Feb 2, 2021 - Sports
Australian Open set to bring a slice of normalcy to the sports world

- Kendall Baker, author ofAxios Sports

Illustration: Aïda Amer/Axios
The 2021 Australian Open, which begins Monday, will be the most normal sporting event the world has seen in nearly a year.
Driving the news: Up to 30,000 spectators a day will be allowed to attend the two-week event, Victoria state sports minister Martin Pakula said this weekend.
"Over the 14 days, we will have up to 390,000 people here at Melbourne Park and that's about 50% of the average over the last three years."— Martin Pakula
The state of play: This news comes as hundreds of players who traveled from overseas emerge from quarantine.
- Most were allowed out of their hotel rooms for five hours a day to train, and stars like Serena Williams and Rafael Nadal are already playing exhibitions in front of thousands of fans.

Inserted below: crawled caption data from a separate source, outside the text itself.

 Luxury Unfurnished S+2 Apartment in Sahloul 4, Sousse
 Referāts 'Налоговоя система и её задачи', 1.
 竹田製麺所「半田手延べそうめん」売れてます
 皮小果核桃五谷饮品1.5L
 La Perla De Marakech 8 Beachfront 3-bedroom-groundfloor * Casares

- But 72 players were forced to endure a strict 14-day lockdown after passengers on their flights tested positive — and those players only just began practicing this past weekend.

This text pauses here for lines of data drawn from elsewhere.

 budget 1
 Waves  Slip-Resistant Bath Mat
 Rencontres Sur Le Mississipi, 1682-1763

The big picture: Australia has largely contained the pandemic, limiting cases to less than 29,000 and reporting zero community transmissions on 15 of the last 16 days.
- Fewer Australians have died in total (909) than the average number of deaths per day currently in the U.S. and Britain.
- Offices and restaurants are open. Masks are recommended, but not required. In some respects, life has returned to near normalcy.
What's working: While the U.S. and Europe seem to prefer "the half-baked lockdown," Australia has subdued the virus through much stricter methods.
- A single positive case in Perth on Sunday led to a five-day lockdown for 2 million people. Melbourne residents weren't allowed to leave their homes for more than an hour each day from June to October.
- Australia has benefited from its geographic isolation, but it's also taken decisive steps like mandating hotel quarantine for international arrivals since last March — something the U.S. only just made mandatory last week.